Sascha Noyes wrote in part:
Geoff Burling wrote:
I think you are making a logical fallicy here. You assume that because MNH calls himself a Nazi, therefore he wants to kill RK. As I argued, one can describe oneself -- or another person -- a Nazi for many reasons. In my last email, I suggested it was in response to RK's habit of calling anyone he disagrees with "a Nazi";
Your criticisms of my interpretation of his statement are all valid. However, what you have failed to dispel (in my mind), is the possibility that it was meant as a threat. Implicit threats function not by being overt threats, but rather by having the property that they can be interpreted as a threat. I concede that one has to also employ a measure of likelihood. Your suggestion that this statement was meant as an attack on RK for calling others Nazis has in my mind lowered the possibility that it was meant as a threat. But I am still of the opinion that it is a possibility.

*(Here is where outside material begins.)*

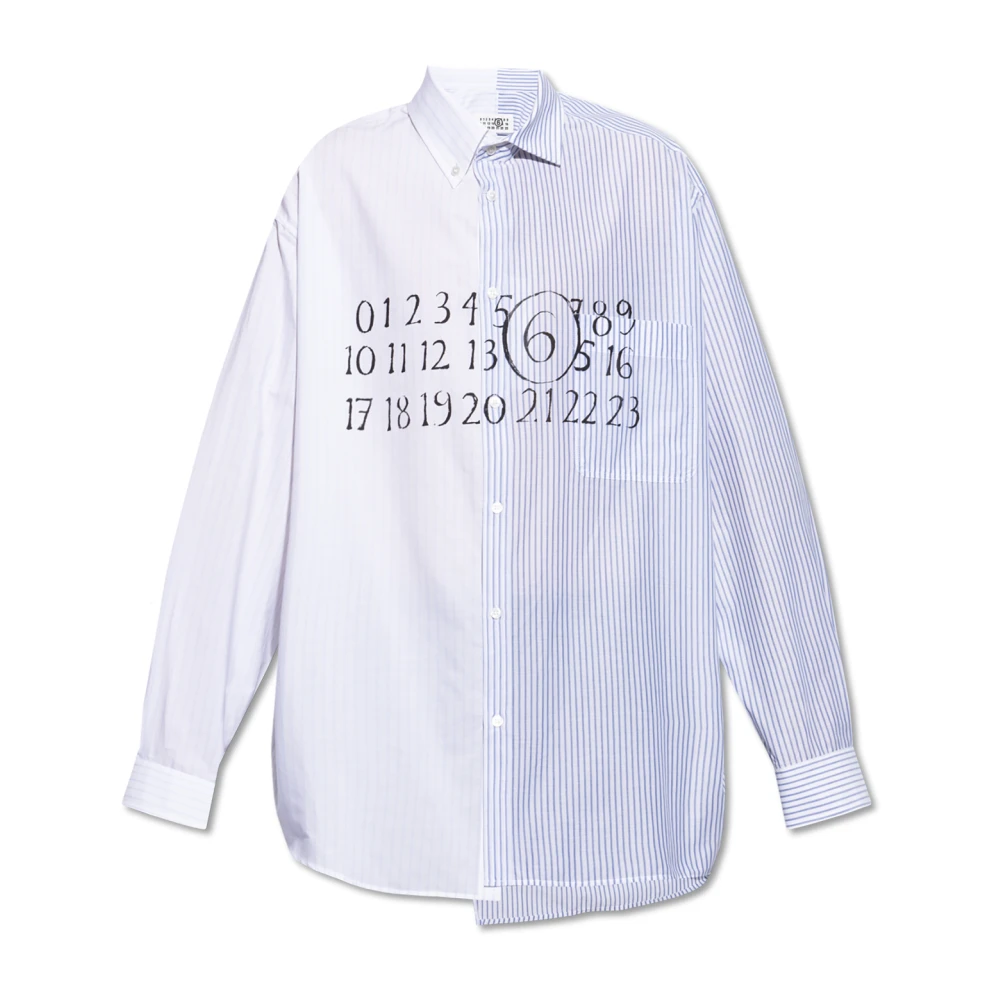 Mm6 Maison Margiela Men's Blue Casual Shirts, M, Shirt With Stripe Pattern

Sure, it's a possibility. But if you want MNH to be banned on this basis (in part on this basis I mean, since you charge further reasons), then the burden lies with you to convince /us/ (or Jimbo, or the arbitrator) that it really was a threat.
I know that if I saw A say to B «I am a Z.» in the course of a fight, and B has a habit of calling people Zs, then I would assume that B had called A a Z earlier in the course of the fight, and that now A was being sarcastic in a bitter response. I would /not/ assume that A really intended to claim to be a Z. Now, this does not excuse A's outburst, but it puts considerable doubt on any claim that A was /threatening/ B, even though a Z is a threat to B.
I don't know if RK ever called MNH a Nazi before that comment appeared, but I'd at least have to establish that he hadn't done so if I wanted to argue that MNH intended to threaten RK.
So I would drop the threat charge for now and stick to this:
My case is founded first and foremost on his personal attacks.